Provided entries =>

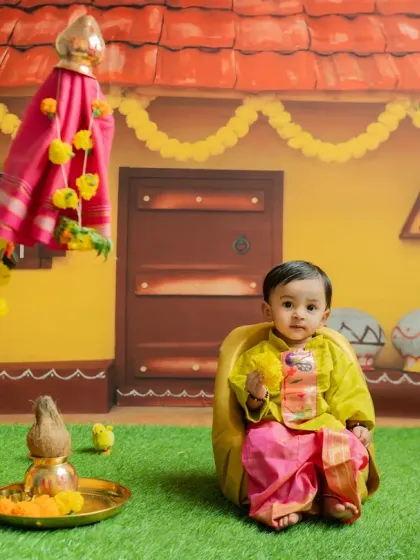 A sweet portrait for Gudi Padwa, with the baby holding a miniature 'gathi' (sugar crystal garland).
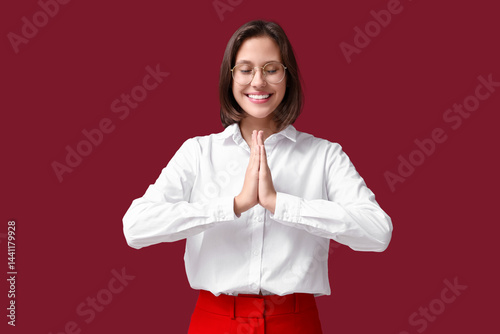 Pretty young woman meditati...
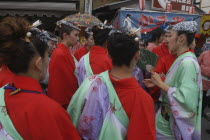 Women aged 20-30 years old in traditional Edo-era costumes get instructions before pulling their neighborhood dashi or wagon during the Gion MatsuriFestival  Festival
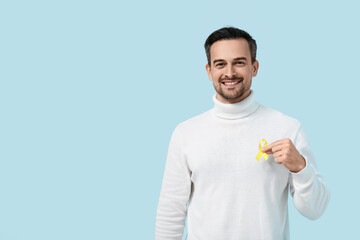 Handsome adult man with yellow ribbon on blue background. Suicide, endometriosis, bone cancer concept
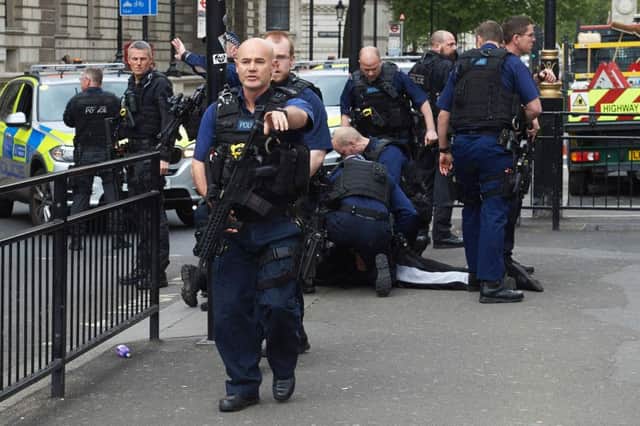 Police arrest a man on Whitehall near the Houses of Parliament in central London. Picture; getty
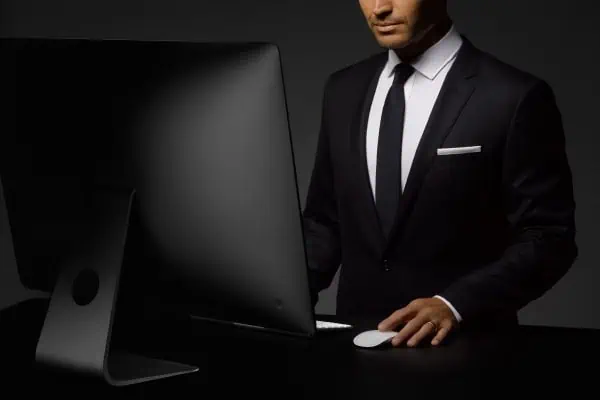 Businessman in a suit using a desktop computer, emphasizing professionalism and technology.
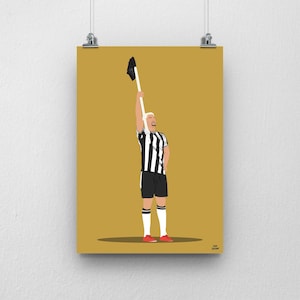 May include: A black and white striped soccer jersey with a white collar and black trim. The jersey is being held up in the air by a person wearing red shoes. The background is a solid gold color.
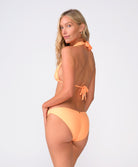 A woman wearing an orange bikini standing against a white wall.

Task prompt =>
Pictures aside, return all the entries above exactly.

Task answer =>
 A sweet portrait for Gudi Padwa, with the baby holding a miniature 'gathi' (sugar crystal garland).
 Pretty young woman meditati...
 Women aged 20-30 years old in traditional Edo-era costumes get instructions before pulling their neighborhood dashi or wagon during the Gion MatsuriFestival  Festival
 Handsome adult man with yellow ribbon on blue background. Suicide, endometriosis, bone cancer concept
 Police arrest a man on Whitehall near the Houses of Parliament in central London. Picture; getty
 Businessman in a suit using a desktop computer, emphasizing professionalism and technology.
 May include: A black and white striped soccer jersey with a white collar and black trim. The jersey is being held up in the air by a person wearing red shoes. The background is a solid gold color.
 A woman wearing an orange bikini standing against a white wall.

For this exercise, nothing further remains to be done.